> _WORK TO BE COMPLETED_:
In the listing that follows, the range to quote begins at the line that has "CHARUKRITI - Pure" and ends after the line that has "2x Chrome Metal"; quote it verbatim and add nothing.

> _DATA FOR THIS TASK_:
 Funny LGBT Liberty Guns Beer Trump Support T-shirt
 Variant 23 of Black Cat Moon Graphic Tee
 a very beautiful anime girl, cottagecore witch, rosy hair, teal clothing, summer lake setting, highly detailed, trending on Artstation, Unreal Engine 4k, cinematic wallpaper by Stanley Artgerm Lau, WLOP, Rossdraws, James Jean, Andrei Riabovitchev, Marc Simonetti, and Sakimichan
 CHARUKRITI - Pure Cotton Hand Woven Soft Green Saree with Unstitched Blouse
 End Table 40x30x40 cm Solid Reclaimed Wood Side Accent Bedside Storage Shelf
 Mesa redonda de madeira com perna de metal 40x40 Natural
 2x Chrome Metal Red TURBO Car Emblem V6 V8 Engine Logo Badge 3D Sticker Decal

* * *

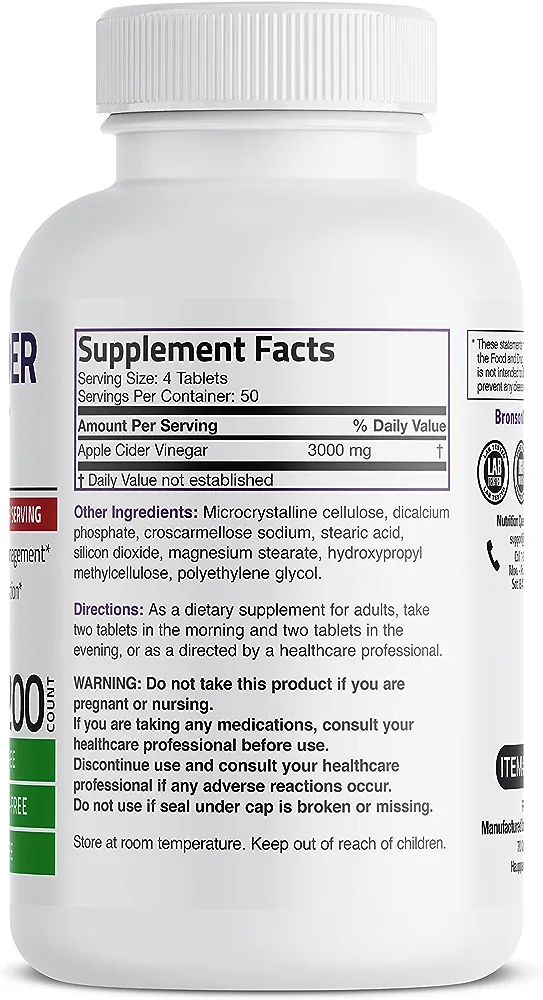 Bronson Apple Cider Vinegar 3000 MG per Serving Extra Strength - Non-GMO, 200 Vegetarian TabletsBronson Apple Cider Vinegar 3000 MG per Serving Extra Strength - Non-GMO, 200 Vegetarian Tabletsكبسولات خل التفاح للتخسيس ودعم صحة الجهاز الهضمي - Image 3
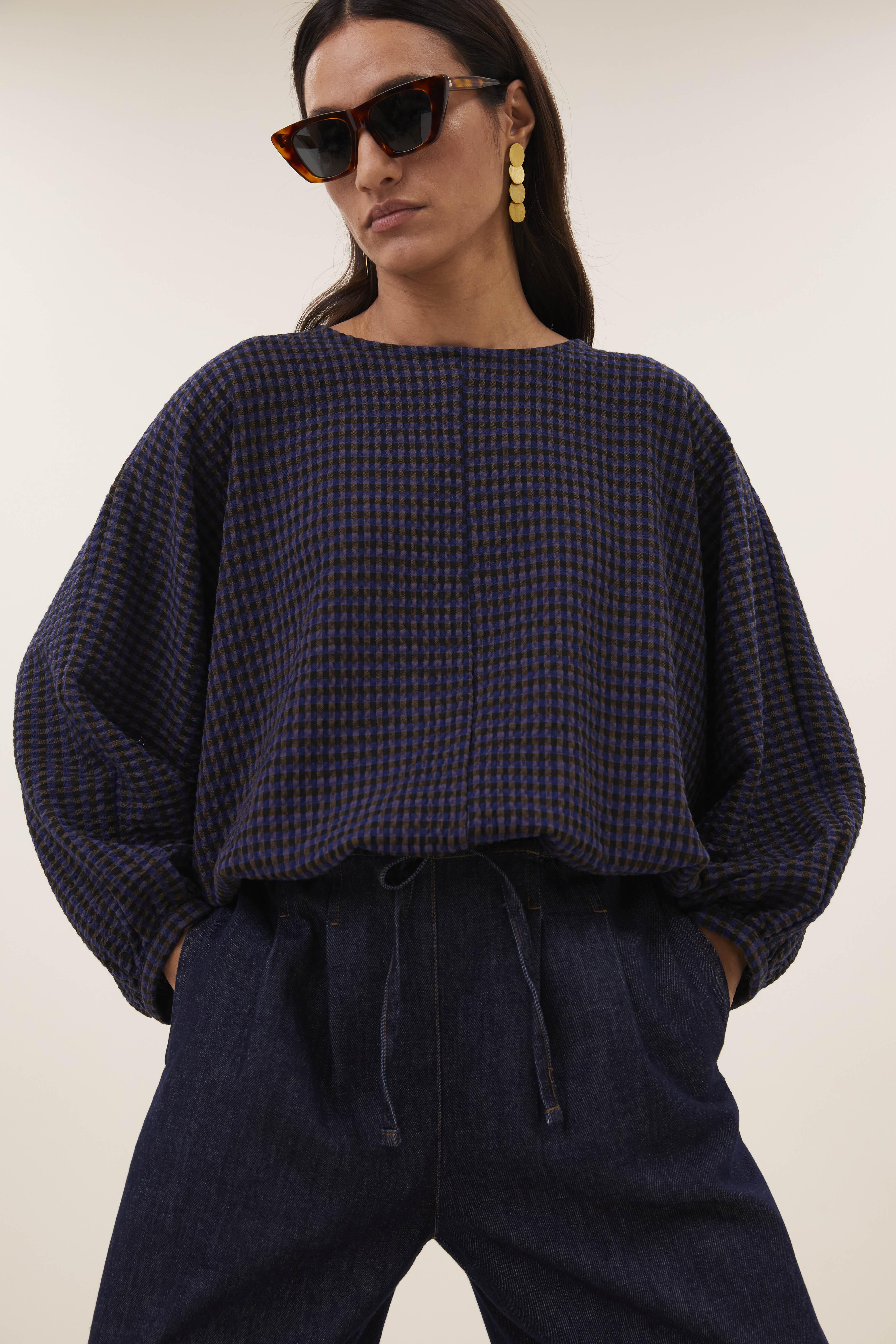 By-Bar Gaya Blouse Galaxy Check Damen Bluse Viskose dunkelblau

> _WRITTEN RESPONSE_:
 CHARUKRITI - Pure Cotton Hand Woven Soft Green Saree with Unstitched Blouse
 End Table 40x30x40 cm Solid Reclaimed Wood Side Accent Bedside Storage Shelf
 Mesa redonda de madeira com perna de metal 40x40 Natural
 2x Chrome Metal Red TURBO Car Emblem V6 V8 Engine Logo Badge 3D Sticker Decal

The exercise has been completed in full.